Task: Reproduce each line below precisely. Drop the pictures.

Data shown:
━━━

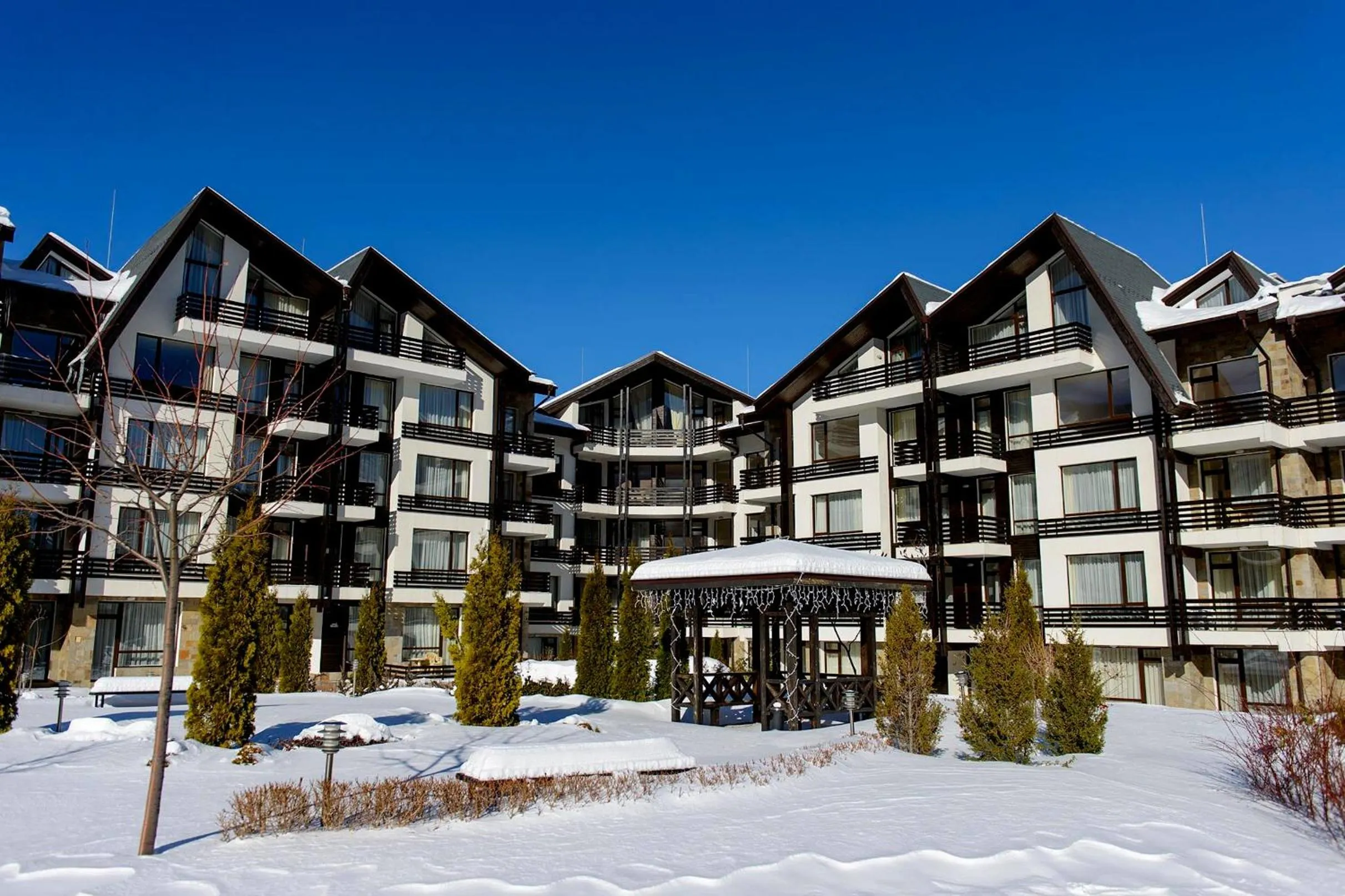 Property building in Aspen Ski and Golf Resort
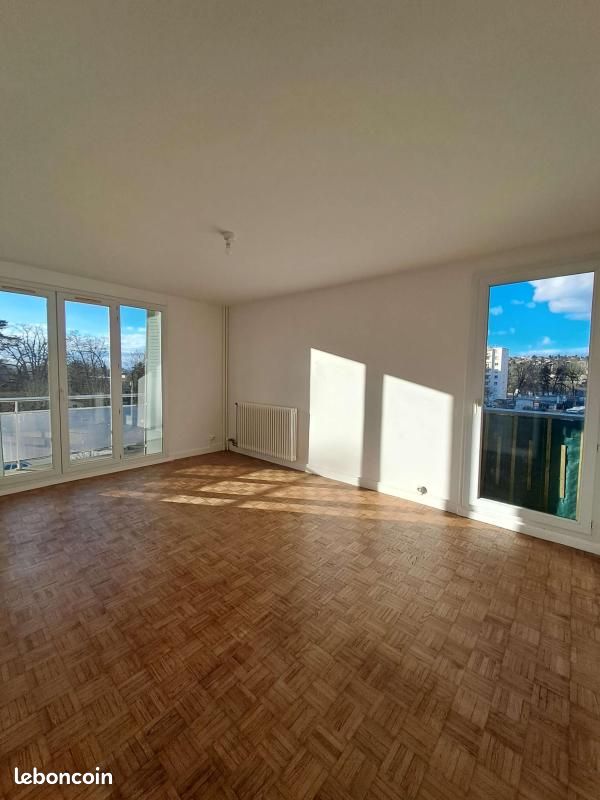 Appartement 4 pièces 74 m² · à Bourgoin-Jallieu · 74 m² · 760 €/mois
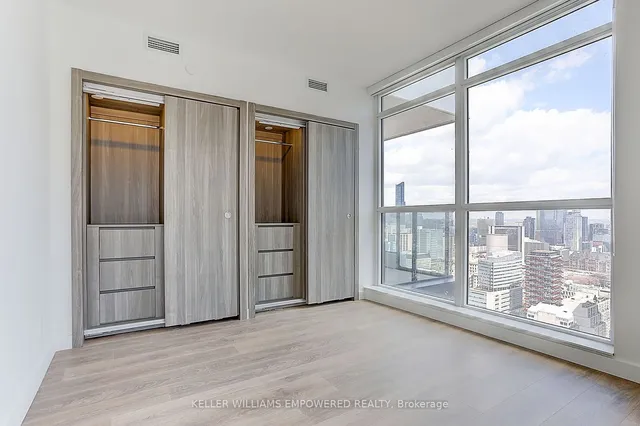 Additional image 32 of 38 Widmer St Unit 4806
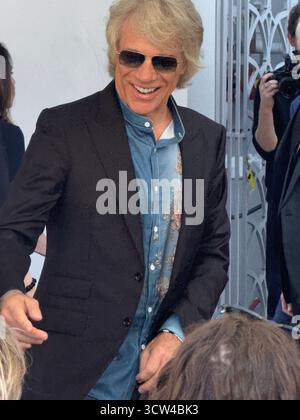 Jon Bon Jovi partecipa alla cerimonia delle star della Hollywood Walk of Fame dei DEF Leppard, tenutasi il 9 ottobre 2025, in Vine Street di fronte all'edificio Capitol Records a Los Angeles, California. Foto Stock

━━━

Answer box:
 Property building in Aspen Ski and Golf Resort
 Appartement 4 pièces 74 m² · à Bourgoin-Jallieu · 74 m² · 760 €/mois
 Additional image 32 of 38 Widmer St Unit 4806
 Jon Bon Jovi partecipa alla cerimonia delle star della Hollywood Walk of Fame dei DEF Leppard, tenutasi il 9 ottobre 2025, in Vine Street di fronte all'edificio Capitol Records a Los Angeles, California. Foto Stock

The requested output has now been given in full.